Data records
----
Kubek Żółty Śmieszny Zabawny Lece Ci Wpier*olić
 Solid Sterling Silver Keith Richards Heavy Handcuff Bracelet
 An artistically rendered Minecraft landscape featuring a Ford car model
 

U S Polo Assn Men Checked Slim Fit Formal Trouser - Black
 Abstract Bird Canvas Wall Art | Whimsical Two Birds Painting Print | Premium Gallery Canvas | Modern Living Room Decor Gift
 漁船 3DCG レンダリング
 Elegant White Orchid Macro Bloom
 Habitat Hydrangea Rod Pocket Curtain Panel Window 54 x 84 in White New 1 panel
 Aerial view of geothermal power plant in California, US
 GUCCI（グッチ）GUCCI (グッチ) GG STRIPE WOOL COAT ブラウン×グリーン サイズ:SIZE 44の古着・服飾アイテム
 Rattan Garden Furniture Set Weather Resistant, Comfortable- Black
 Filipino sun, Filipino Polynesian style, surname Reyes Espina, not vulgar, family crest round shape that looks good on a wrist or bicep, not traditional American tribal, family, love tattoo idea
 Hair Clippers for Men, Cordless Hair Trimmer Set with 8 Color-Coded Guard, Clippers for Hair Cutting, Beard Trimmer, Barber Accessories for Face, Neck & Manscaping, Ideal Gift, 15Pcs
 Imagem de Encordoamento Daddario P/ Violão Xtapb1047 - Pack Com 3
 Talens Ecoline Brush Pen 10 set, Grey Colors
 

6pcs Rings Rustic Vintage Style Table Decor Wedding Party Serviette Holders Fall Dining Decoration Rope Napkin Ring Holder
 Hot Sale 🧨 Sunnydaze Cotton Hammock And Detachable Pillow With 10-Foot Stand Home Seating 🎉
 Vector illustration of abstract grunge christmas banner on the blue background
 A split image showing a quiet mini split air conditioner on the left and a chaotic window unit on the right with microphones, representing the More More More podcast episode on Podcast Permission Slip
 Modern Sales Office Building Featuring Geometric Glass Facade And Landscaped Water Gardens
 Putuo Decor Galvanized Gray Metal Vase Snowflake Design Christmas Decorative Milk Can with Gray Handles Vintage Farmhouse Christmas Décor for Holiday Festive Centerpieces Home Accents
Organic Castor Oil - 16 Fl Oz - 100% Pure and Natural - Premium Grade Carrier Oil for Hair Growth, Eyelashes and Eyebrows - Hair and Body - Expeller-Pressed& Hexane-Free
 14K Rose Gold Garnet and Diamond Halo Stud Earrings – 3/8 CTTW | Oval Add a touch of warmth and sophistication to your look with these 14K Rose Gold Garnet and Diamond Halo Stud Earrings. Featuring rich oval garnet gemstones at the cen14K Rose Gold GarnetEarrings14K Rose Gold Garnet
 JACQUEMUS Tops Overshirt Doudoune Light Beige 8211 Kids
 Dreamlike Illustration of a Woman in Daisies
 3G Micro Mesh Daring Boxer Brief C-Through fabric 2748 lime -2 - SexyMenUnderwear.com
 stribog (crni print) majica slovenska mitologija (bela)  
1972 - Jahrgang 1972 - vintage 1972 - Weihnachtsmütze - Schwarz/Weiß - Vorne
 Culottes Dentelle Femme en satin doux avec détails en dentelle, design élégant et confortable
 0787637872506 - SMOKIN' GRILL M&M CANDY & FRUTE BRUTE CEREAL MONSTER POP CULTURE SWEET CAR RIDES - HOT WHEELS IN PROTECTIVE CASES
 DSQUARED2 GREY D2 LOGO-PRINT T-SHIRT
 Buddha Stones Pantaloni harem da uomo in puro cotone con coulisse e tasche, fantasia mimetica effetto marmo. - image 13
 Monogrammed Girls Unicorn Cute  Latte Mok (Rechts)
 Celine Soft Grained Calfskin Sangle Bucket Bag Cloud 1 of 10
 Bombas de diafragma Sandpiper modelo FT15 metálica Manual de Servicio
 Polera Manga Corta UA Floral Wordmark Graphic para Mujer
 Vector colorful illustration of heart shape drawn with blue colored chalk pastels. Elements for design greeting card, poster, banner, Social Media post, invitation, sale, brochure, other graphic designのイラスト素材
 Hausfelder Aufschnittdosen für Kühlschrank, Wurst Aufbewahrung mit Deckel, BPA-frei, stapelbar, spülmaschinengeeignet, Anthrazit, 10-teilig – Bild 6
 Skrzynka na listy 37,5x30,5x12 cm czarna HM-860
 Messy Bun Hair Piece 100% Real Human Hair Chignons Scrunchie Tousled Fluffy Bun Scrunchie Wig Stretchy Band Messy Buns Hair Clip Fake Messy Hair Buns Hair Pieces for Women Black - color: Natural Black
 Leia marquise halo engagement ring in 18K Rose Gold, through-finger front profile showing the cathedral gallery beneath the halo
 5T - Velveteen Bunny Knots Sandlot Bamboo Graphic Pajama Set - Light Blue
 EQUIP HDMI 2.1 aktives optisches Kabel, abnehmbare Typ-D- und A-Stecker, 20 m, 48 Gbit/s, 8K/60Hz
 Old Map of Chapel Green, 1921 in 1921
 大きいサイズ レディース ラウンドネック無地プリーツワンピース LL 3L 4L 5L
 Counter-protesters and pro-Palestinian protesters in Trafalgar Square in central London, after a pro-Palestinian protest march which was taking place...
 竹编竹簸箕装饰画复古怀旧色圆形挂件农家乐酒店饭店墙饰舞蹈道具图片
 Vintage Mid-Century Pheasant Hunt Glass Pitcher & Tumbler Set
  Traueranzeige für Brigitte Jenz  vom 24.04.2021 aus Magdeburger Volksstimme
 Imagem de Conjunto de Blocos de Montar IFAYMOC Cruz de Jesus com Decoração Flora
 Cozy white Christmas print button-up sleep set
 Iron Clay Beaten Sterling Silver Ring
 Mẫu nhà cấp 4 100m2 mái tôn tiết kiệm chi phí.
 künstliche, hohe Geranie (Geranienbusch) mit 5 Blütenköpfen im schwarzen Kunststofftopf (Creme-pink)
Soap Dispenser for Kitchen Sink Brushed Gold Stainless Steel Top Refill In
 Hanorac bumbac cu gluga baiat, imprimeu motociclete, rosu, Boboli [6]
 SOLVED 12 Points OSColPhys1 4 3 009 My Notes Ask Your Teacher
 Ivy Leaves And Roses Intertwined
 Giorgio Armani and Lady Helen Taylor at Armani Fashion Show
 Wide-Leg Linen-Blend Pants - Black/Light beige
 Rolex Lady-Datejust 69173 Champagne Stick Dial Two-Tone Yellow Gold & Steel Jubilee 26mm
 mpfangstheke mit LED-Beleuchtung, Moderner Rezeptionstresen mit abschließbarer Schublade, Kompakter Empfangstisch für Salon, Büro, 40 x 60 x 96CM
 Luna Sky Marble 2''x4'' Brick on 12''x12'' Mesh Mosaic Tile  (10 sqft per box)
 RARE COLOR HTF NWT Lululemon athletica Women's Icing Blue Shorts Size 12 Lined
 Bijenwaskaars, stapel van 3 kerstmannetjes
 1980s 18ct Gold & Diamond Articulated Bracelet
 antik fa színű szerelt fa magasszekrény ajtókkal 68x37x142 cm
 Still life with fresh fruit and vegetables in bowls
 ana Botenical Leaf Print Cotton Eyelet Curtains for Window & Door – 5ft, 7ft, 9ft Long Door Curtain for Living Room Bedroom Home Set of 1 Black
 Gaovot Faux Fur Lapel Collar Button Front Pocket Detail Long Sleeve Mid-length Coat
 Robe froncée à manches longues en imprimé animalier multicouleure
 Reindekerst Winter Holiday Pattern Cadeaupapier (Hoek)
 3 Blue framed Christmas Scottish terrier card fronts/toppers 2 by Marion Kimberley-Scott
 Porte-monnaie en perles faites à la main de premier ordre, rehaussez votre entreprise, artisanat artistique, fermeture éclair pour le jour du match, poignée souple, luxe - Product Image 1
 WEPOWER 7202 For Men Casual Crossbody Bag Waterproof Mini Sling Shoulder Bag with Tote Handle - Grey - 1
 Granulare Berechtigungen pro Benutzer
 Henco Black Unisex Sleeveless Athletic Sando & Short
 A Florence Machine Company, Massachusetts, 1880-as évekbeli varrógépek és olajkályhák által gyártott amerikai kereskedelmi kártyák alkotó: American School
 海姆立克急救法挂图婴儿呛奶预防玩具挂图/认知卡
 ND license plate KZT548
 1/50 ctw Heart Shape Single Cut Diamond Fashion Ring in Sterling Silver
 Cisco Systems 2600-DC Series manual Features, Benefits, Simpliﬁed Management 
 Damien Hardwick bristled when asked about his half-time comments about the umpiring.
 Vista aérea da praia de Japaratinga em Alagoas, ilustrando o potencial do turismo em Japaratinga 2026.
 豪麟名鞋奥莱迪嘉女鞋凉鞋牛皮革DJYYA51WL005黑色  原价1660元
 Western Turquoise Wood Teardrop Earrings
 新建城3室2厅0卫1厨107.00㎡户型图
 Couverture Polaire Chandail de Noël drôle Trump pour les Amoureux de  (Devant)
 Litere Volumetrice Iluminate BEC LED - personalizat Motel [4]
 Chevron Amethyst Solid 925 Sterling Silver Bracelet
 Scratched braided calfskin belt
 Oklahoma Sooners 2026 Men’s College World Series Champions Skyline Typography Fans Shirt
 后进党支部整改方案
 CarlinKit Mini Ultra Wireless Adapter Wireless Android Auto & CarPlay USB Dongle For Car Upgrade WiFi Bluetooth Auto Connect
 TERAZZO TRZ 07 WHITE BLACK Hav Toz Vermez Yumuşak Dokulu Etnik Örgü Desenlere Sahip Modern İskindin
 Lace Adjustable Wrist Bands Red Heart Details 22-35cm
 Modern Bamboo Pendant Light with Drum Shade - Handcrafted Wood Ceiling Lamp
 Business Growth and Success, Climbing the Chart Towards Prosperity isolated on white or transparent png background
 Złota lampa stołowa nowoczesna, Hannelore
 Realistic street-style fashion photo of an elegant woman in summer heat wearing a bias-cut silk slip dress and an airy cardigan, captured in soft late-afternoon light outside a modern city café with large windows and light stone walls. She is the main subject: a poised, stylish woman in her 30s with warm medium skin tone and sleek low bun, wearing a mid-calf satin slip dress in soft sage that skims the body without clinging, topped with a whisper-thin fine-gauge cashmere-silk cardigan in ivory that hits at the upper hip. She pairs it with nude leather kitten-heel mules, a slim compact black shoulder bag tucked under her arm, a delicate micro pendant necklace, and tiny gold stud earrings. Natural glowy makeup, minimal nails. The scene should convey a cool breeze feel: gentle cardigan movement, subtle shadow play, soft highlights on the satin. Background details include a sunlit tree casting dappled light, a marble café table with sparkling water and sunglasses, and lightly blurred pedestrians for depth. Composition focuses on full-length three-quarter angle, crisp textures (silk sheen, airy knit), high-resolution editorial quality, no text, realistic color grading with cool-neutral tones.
----
> **Problem**: Looking at the data above, write out exactly the lines that start at the one containing "Leia marquise halo" and end at the one containing "künstliche, hohe Geranie"; include both and nothing beyond.

> **Result of this task**:
 Leia marquise halo engagement ring in 18K Rose Gold, through-finger front profile showing the cathedral gallery beneath the halo
 5T - Velveteen Bunny Knots Sandlot Bamboo Graphic Pajama Set - Light Blue
 EQUIP HDMI 2.1 aktives optisches Kabel, abnehmbare Typ-D- und A-Stecker, 20 m, 48 Gbit/s, 8K/60Hz
 Old Map of Chapel Green, 1921 in 1921
 大きいサイズ レディース ラウンドネック無地プリーツワンピース LL 3L 4L 5L
 Counter-protesters and pro-Palestinian protesters in Trafalgar Square in central London, after a pro-Palestinian protest march which was taking place...
 竹编竹簸箕装饰画复古怀旧色圆形挂件农家乐酒店饭店墙饰舞蹈道具图片
 Vintage Mid-Century Pheasant Hunt Glass Pitcher & Tumbler Set
  Traueranzeige für Brigitte Jenz  vom 24.04.2021 aus Magdeburger Volksstimme
 Imagem de Conjunto de Blocos de Montar IFAYMOC Cruz de Jesus com Decoração Flora
 Cozy white Christmas print button-up sleep set
 Iron Clay Beaten Sterling Silver Ring
 Mẫu nhà cấp 4 100m2 mái tôn tiết kiệm chi phí.
 künstliche, hohe Geranie (Geranienbusch) mit 5 Blütenköpfen im schwarzen Kunststofftopf (Creme-pink)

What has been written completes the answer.